Segment Start: Supplied information

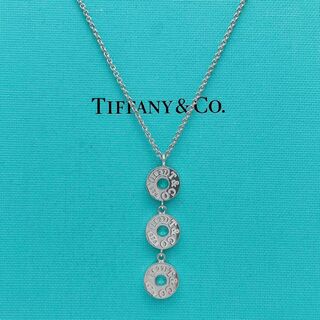 ティファニー(Tiffany & Co.)の【極美品】Tiffany & Co. ネックレス　スリードロップサークル(ネックレス)
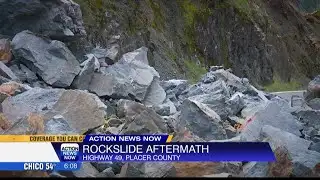 A major rockslide shut down a mountain road in Placer County this weekend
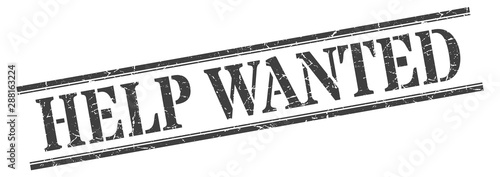 help wanted stamp. help wanted square grunge sign. help wanted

Segment End: Supplied information

Work task
Here the lines from the one containing "A major rockslide" through the end of the material are to be copied exactly, with the pictures omitted.

Answer for this exercise
 A major rockslide shut down a mountain road in Placer County this weekend
 help wanted stamp. help wanted square grunge sign. help wanted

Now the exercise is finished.